◆ EXERCISE INSTRUCTIONS: The reply should consist solely of the lines from the one that holds "Immobile a Cagliari" through the last line of the material, reproduced exactly; no pictures belong in it.

◆ DATA SHOWN:
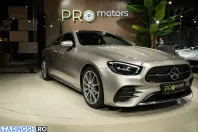 Mercedes-Benz E (Clasa E) din 2021 cu 76.432 km - oferta MER219763 - foto 3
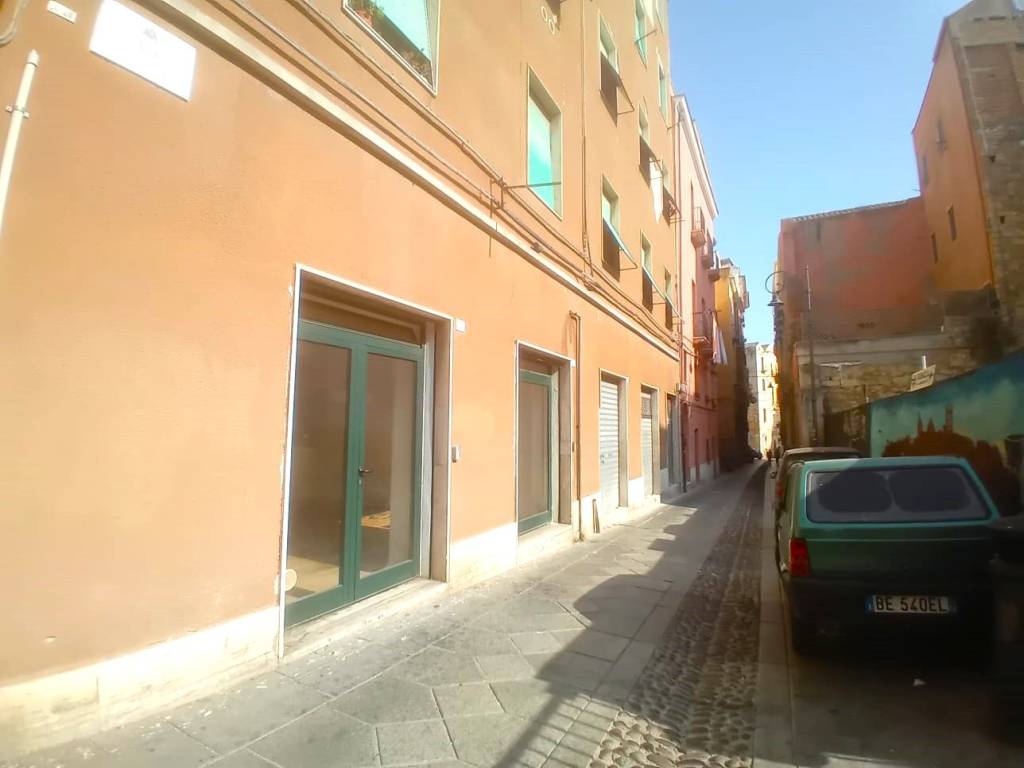 Immobile a Cagliari in Via Alberto Lamarmora - Foto 2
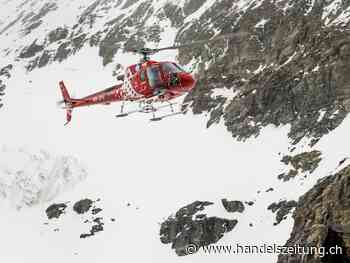 Vermisster Ziegenbesitzer bei St. Niklaus VS tot gefunden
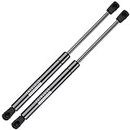 AiYiGu Front Hood Struts Shocks Lift Supports Gas Sping Compatible with Nissan Armada 2005-2013, Nissan Pathfinder 2004, Nissan Titan 2004-2012, Replacement 4182 SG425003 Set of 2 PCS Charged Prop Rod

◆ EXPECTED ANSWER:
 Immobile a Cagliari in Via Alberto Lamarmora - Foto 2
 Vermisster Ziegenbesitzer bei St. Niklaus VS tot gefunden
 AiYiGu Front Hood Struts Shocks Lift Supports Gas Sping Compatible with Nissan Armada 2005-2013, Nissan Pathfinder 2004, Nissan Titan 2004-2012, Replacement 4182 SG425003 Set of 2 PCS Charged Prop Rod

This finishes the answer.